Dying to see f&f7 but will have to wait until it's released as we've no one to watch our 9 month old son


----------



## MEH4N (Mar 15, 2012)

Saw the midnight viewing when released and loved it. Had some really funny bits and reminded me off the first 2 and 5 mainly. The ending was touching and im sure Paul would have been proud of the finished article.


----------



## SystemClenz (Oct 31, 2008)

Sounds good, might have to watch it in the morning now!!


----------



## griffin1907 (Mar 4, 2006)

Grrrr. I'm a big fan of the films and after reading this post gonna have to watch it sooner than I was thinking. 

BIG thanks to all for not ruining the storyline lol


----------



## Steve_6R (Jun 9, 2014)

Loved 7.

Watched 5 and 6 just before going in and the films all go together very well.

That ending left me with a tear in the eye, as it did most of the people in the cinema.

Nice to see the cinema car park had quite a few modified cars in it too.


----------



## R0B (Aug 27, 2010)

Been to see it tonight. Would like to think that they leave it their now as it closed it all off nicely at the end


----------



## Guitarjon (Jul 13, 2012)

I personally thought it was one f the best ones yet. 1&2 were excellent and they are the ones I'll remember but 7 is up there too. Some of the bits at the end looked really old. I remember seeing something in facebook a while back about 'thongs that will make you feel old' and it said how long ago fast and furious 1 was released. 

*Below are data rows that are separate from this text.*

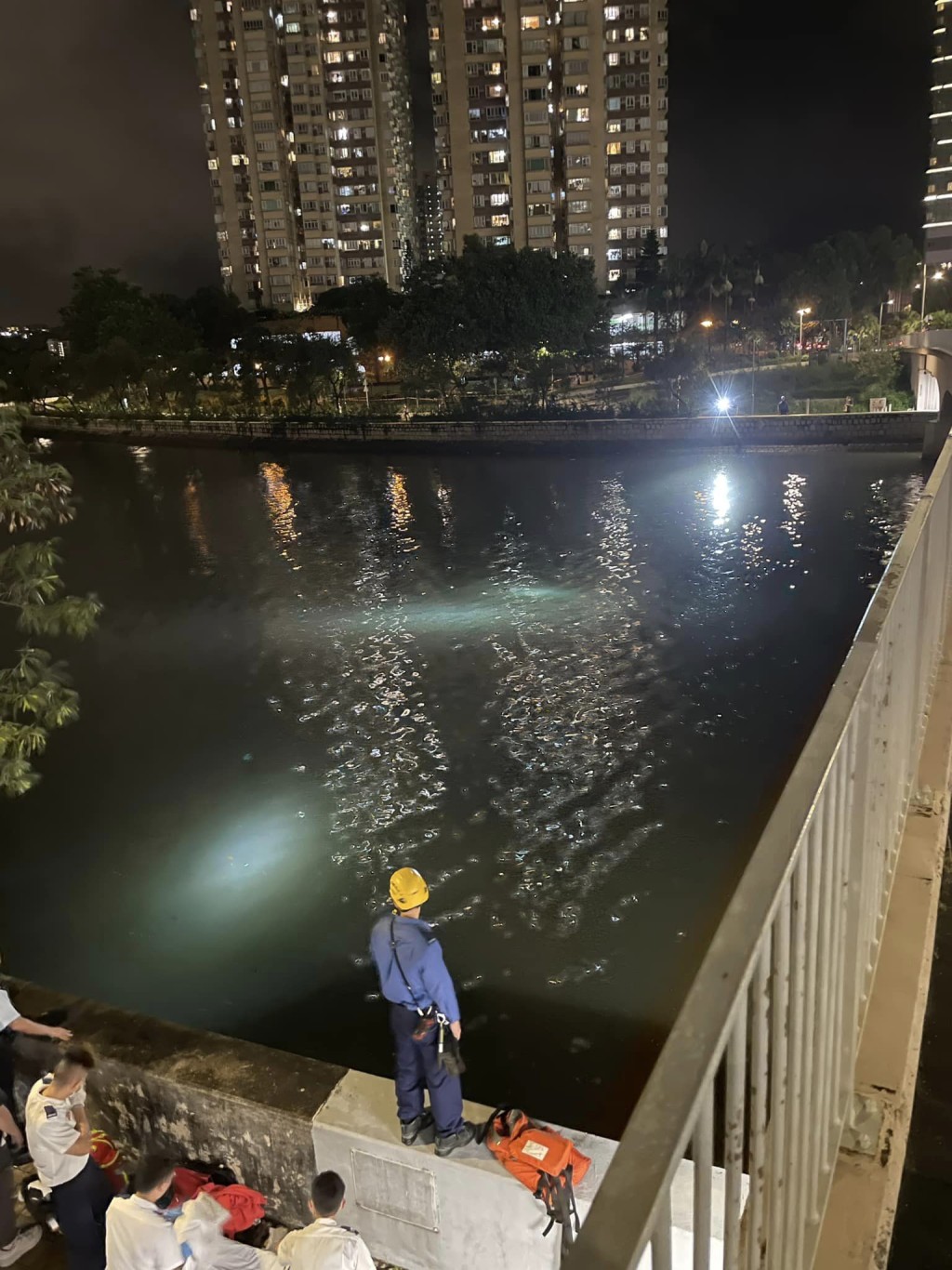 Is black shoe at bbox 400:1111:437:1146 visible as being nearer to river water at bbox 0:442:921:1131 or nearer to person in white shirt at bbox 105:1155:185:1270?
person in white shirt at bbox 105:1155:185:1270

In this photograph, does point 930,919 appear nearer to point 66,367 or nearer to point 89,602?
point 89,602

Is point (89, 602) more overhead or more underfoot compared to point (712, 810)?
more overhead

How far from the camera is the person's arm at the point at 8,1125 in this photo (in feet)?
15.2

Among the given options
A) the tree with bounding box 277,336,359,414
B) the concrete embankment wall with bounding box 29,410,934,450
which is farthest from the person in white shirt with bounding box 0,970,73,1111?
the tree with bounding box 277,336,359,414

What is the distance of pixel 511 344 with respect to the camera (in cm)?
5053

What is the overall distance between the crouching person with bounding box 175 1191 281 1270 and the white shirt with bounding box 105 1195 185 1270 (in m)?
0.07

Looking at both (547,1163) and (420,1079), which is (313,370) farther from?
(547,1163)

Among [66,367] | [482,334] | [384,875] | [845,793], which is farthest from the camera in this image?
[66,367]

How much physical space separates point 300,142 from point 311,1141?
4467 inches

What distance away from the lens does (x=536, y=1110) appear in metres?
6.86

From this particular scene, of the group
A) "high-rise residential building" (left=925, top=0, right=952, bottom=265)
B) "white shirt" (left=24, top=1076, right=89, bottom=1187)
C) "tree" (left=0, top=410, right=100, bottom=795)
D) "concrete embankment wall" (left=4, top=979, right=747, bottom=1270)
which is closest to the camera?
"concrete embankment wall" (left=4, top=979, right=747, bottom=1270)

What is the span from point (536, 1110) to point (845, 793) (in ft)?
19.2

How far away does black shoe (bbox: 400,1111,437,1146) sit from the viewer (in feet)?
13.1

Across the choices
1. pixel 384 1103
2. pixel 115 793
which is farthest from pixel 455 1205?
Result: pixel 115 793
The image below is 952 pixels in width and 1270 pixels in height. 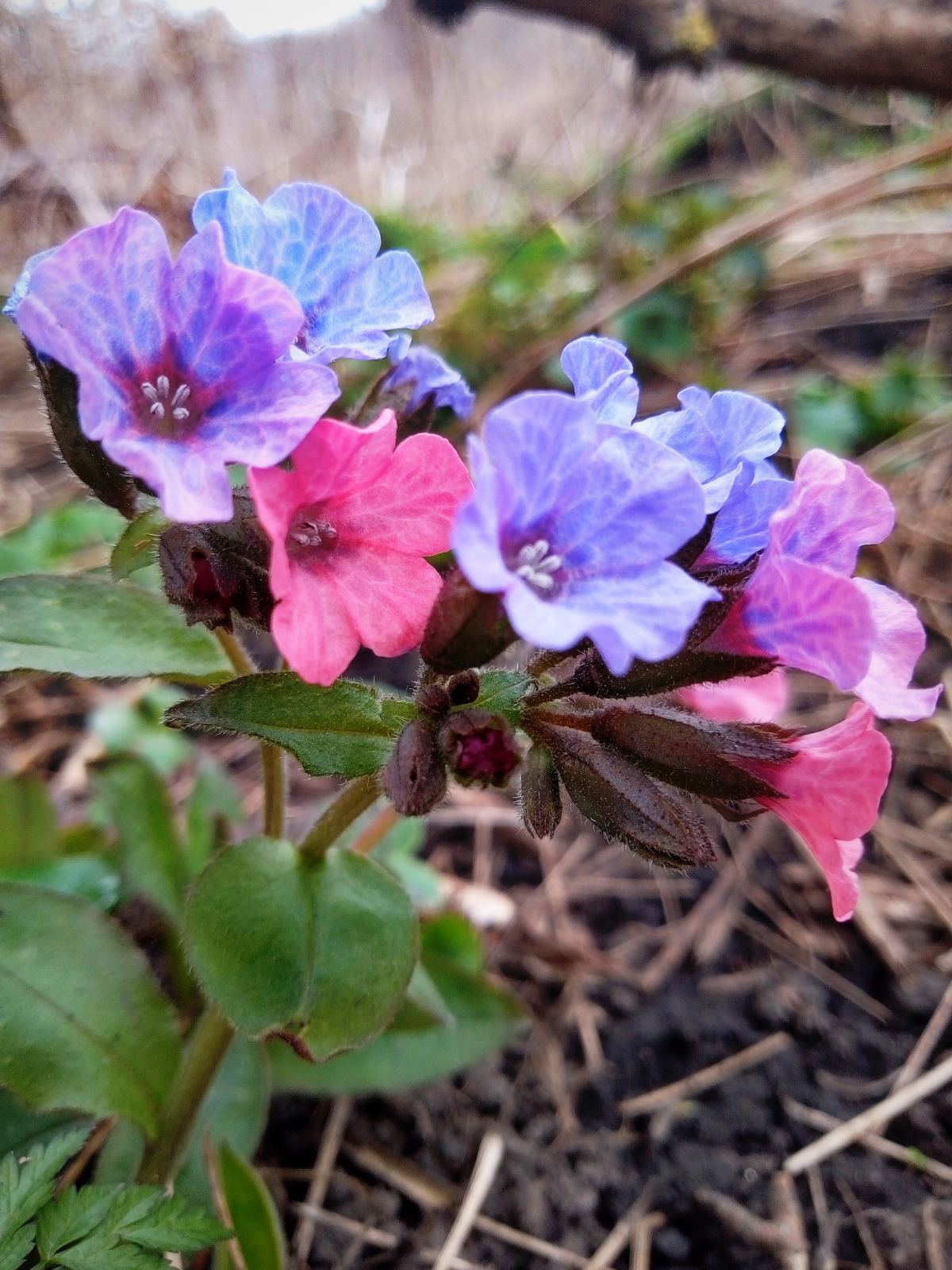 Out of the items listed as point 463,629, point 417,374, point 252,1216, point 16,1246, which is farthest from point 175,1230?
point 417,374

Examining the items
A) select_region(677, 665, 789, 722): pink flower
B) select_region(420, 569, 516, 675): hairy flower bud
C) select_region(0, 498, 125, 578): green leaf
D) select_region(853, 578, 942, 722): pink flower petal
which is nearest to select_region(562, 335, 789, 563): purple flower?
select_region(853, 578, 942, 722): pink flower petal

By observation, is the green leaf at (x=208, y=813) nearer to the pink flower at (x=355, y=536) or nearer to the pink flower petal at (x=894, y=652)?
the pink flower at (x=355, y=536)

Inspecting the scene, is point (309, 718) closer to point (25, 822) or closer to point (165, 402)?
point (165, 402)

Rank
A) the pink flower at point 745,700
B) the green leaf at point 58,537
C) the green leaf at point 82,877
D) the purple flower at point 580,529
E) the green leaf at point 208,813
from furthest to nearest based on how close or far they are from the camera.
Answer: the green leaf at point 58,537, the green leaf at point 208,813, the green leaf at point 82,877, the pink flower at point 745,700, the purple flower at point 580,529

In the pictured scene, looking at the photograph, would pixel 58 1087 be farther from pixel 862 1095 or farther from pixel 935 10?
pixel 935 10

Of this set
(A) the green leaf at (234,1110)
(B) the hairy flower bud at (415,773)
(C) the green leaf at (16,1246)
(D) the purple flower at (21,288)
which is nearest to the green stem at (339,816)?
(B) the hairy flower bud at (415,773)

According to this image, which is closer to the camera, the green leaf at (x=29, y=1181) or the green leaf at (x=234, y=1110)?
the green leaf at (x=29, y=1181)

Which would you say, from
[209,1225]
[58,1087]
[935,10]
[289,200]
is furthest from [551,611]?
[935,10]

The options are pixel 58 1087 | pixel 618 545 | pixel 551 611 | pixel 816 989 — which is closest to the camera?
pixel 551 611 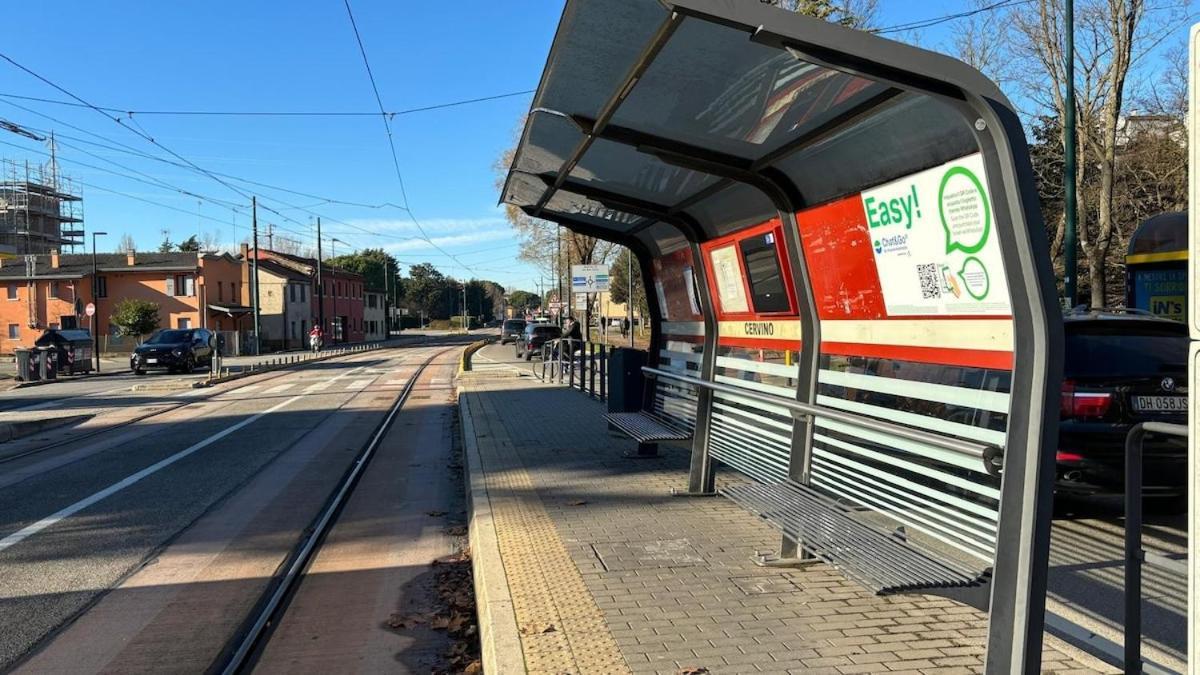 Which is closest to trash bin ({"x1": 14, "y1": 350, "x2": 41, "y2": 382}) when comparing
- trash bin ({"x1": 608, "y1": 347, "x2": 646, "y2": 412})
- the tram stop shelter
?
trash bin ({"x1": 608, "y1": 347, "x2": 646, "y2": 412})

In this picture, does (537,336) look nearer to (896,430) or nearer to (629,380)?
(629,380)

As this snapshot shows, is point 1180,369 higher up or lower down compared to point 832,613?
higher up

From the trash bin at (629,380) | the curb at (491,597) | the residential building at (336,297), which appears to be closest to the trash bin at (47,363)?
the trash bin at (629,380)

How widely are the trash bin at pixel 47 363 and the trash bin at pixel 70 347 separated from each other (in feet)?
3.02

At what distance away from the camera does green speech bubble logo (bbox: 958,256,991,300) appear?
12.1 feet

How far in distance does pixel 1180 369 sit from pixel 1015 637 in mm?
4511

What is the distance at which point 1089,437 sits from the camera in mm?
6602

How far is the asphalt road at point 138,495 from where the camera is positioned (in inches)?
231

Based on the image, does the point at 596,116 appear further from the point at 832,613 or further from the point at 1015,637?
the point at 1015,637

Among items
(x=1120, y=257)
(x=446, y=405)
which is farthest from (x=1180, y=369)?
(x=1120, y=257)

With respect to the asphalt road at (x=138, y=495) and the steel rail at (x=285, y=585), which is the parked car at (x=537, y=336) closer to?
the asphalt road at (x=138, y=495)

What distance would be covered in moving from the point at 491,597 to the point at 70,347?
35999 mm

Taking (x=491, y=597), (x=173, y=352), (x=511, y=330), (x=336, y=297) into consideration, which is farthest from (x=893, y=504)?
(x=336, y=297)

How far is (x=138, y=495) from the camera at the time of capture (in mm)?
9250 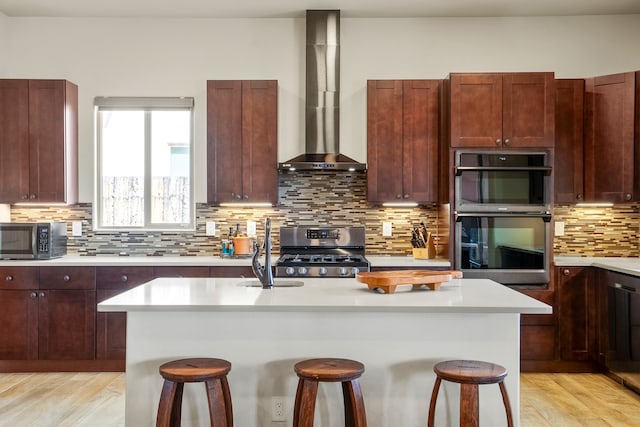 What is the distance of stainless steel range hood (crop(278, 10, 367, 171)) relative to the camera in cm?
470

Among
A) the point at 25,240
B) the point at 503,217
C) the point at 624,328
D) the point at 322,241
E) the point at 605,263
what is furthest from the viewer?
the point at 322,241

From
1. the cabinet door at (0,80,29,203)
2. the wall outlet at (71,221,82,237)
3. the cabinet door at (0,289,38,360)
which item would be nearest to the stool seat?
the cabinet door at (0,289,38,360)

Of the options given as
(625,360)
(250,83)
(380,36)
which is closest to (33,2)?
(250,83)

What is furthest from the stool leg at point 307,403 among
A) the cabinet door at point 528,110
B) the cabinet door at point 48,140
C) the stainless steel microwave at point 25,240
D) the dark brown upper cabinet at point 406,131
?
the cabinet door at point 48,140

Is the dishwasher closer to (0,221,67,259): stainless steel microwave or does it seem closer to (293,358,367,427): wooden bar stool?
(293,358,367,427): wooden bar stool

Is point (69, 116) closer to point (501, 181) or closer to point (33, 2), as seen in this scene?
point (33, 2)

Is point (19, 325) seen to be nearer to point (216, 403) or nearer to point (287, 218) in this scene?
point (287, 218)

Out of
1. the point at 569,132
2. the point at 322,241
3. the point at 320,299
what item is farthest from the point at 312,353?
the point at 569,132

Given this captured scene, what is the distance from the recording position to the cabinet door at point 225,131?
460cm

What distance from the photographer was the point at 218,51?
489 centimetres

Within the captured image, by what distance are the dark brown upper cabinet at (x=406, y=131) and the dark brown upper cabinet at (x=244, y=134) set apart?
83 centimetres

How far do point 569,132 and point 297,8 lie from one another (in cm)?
250

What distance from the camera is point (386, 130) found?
4586mm

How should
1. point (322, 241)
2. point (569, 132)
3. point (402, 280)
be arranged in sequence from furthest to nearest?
point (322, 241), point (569, 132), point (402, 280) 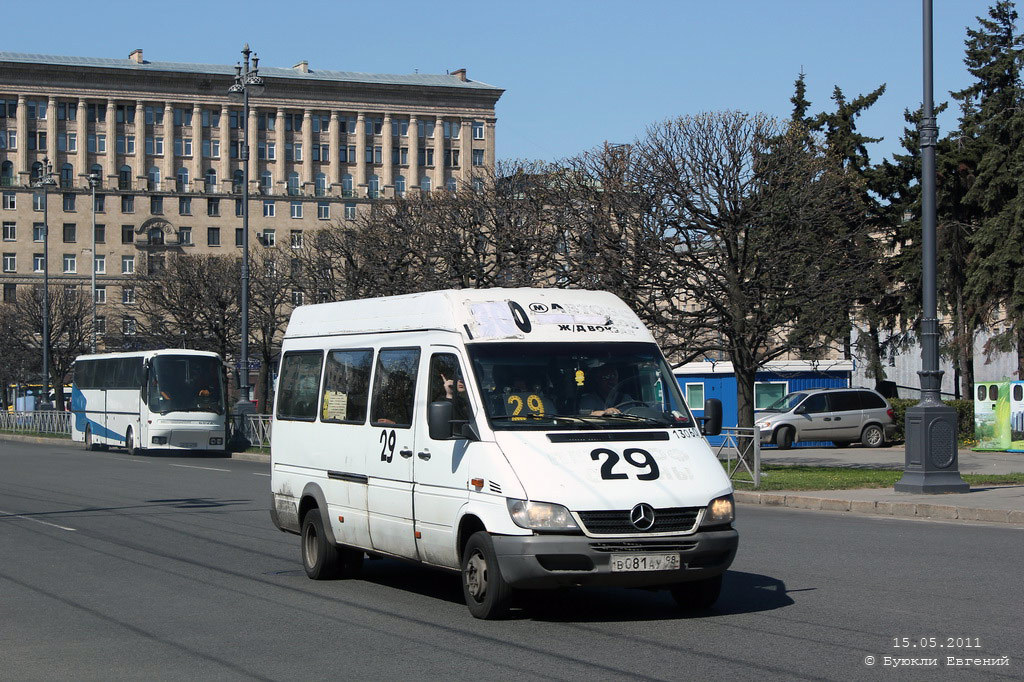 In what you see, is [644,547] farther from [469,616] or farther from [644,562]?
[469,616]

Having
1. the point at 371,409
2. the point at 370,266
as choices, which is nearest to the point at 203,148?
the point at 370,266

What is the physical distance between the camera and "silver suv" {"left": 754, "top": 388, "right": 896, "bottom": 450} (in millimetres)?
38281

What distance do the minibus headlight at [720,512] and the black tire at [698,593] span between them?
0.55 meters

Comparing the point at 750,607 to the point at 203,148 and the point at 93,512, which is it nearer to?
the point at 93,512

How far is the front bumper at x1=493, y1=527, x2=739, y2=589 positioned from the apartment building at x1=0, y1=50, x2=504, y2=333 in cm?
11086

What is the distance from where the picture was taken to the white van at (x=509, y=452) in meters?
8.66

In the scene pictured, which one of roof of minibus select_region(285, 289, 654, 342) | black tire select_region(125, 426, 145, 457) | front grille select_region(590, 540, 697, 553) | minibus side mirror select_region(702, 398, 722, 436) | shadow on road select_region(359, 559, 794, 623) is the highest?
roof of minibus select_region(285, 289, 654, 342)

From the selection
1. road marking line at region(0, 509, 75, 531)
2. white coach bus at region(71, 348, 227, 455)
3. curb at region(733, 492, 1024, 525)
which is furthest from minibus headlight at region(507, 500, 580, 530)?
white coach bus at region(71, 348, 227, 455)

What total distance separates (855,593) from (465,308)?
151 inches

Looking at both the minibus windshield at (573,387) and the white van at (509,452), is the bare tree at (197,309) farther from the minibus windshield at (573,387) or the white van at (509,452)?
the minibus windshield at (573,387)

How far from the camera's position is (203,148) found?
131 meters

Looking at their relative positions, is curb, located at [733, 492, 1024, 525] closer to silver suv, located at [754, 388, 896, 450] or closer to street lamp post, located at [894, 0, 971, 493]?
street lamp post, located at [894, 0, 971, 493]

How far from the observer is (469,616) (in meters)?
9.35

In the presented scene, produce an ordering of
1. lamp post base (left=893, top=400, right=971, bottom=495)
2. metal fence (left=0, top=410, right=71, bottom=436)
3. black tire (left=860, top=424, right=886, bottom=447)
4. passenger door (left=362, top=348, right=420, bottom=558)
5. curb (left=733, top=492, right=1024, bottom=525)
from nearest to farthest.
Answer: passenger door (left=362, top=348, right=420, bottom=558), curb (left=733, top=492, right=1024, bottom=525), lamp post base (left=893, top=400, right=971, bottom=495), black tire (left=860, top=424, right=886, bottom=447), metal fence (left=0, top=410, right=71, bottom=436) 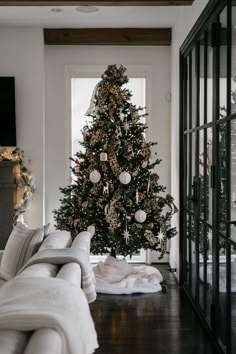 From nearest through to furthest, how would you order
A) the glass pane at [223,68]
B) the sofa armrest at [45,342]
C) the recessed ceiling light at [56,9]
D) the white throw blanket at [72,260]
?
the sofa armrest at [45,342] → the white throw blanket at [72,260] → the glass pane at [223,68] → the recessed ceiling light at [56,9]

One thing I liked about 7 was that it wasn't all about the cars and racing. The Rock was hilarious- in an idiotic way.


----------



## stonejedi (Feb 2, 2008)

Went to see it with my wife yesterday,it is a blockbuster with all its explosions and its far fetched stuntsI personally thought it was simply more of the same but my wife loved it and shed a tear at the end also.I think that the reason i started to watch the F&F series of films is the fact that i am a car nut but i just feel that these later films are trying to be something so far from the original concept that its just not as enjoyable for me no more with the cars taking a back seat to guns now,just my two cents To sum up,the film is still Watchable and is a very good send off for Paul Walker,worth going To see just for that really:thumb:.SJ.


----------



## possul (Nov 14, 2008)

I love the films, far fetched and all but I love them. Even if it was rubbish it was an excellent send of for Paul. Ending was great, played out so well and im sure even people who havent seen all the films will watch it.
I actually like how the films have progressed sInce 2001. That is one hell of a franchise of films.
Ive watched some of the interviews of the cast and they have nothing but love for Paul. Both and and off screen
As others have said I did find myself getting choked up, I never thought id be touched emotionally by a celeb death but this has, why I dont know.

RIP Paul Walker


----------



## Nick-ST (Mar 4, 2013)

Good film albeit not the best in the series but very emotional ending and a superb send off!


----------



## shaun1982 (Feb 21, 2015)

possul said:


> I love the films, far fetched and all but I love them. Even if it was rubbish it was an excellent send of for Paul. Ending was great, played out so well and im sure even people who havent seen all the films will watch it.
> I actually like how the films have progressed sInce 2001. That is one hell of a franchise of films.
> Ive watched some of the interviews of the cast and they have nothing but love for Paul. Both and and off screen
> As others have said I did find myself getting choked up, I never thought id be touched emotionally by a celeb death but this has, why I dont know.
> ...


I feel the same,only thing I can put it down to is you've sort of 'grown up with them' if that make sense. 15 years watching 'the family grow'. 
This is maybe very well sad but I wish I had a group like they are, minus the robberies etc but I'm sure you get me 😄


----------



## WhiteRoc_170 (Jan 31, 2013)

Just went to see it.
and I loved it. Great film and one of the best out of the 7. Ending was very well put together and emotional for some. I'm thinking that will be the last one.


----------



## stonejedi (Feb 2, 2008)

WhiteRoc_170 said:


> Just went to see it.
> and I loved it. Great film and one of the best out of the 7. Ending was very well put together and emotional for some. I'm thinking that will be the last one.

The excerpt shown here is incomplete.